Entries provided:

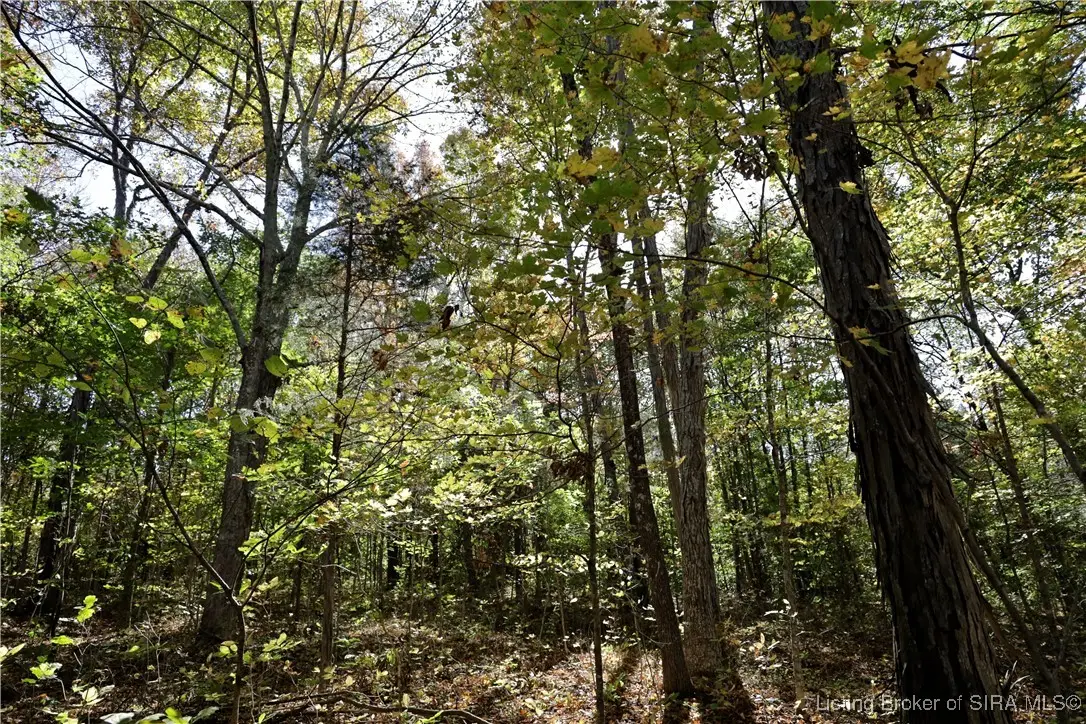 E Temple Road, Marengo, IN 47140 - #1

--

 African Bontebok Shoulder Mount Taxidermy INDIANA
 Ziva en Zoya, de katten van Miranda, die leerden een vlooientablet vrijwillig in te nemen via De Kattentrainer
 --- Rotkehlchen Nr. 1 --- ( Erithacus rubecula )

Instructions to follow: Transcribe, exactly and without additions, the lines of the records above, beginning with the line that contains "African Bontebok Shoulder" and ending with the line that contains "--- Rotkehlchen Nr.", both included.

Answer below:
 African Bontebok Shoulder Mount Taxidermy INDIANA
 Ziva en Zoya, de katten van Miranda, die leerden een vlooientablet vrijwillig in te nemen via De Kattentrainer
 --- Rotkehlchen Nr. 1 --- ( Erithacus rubecula )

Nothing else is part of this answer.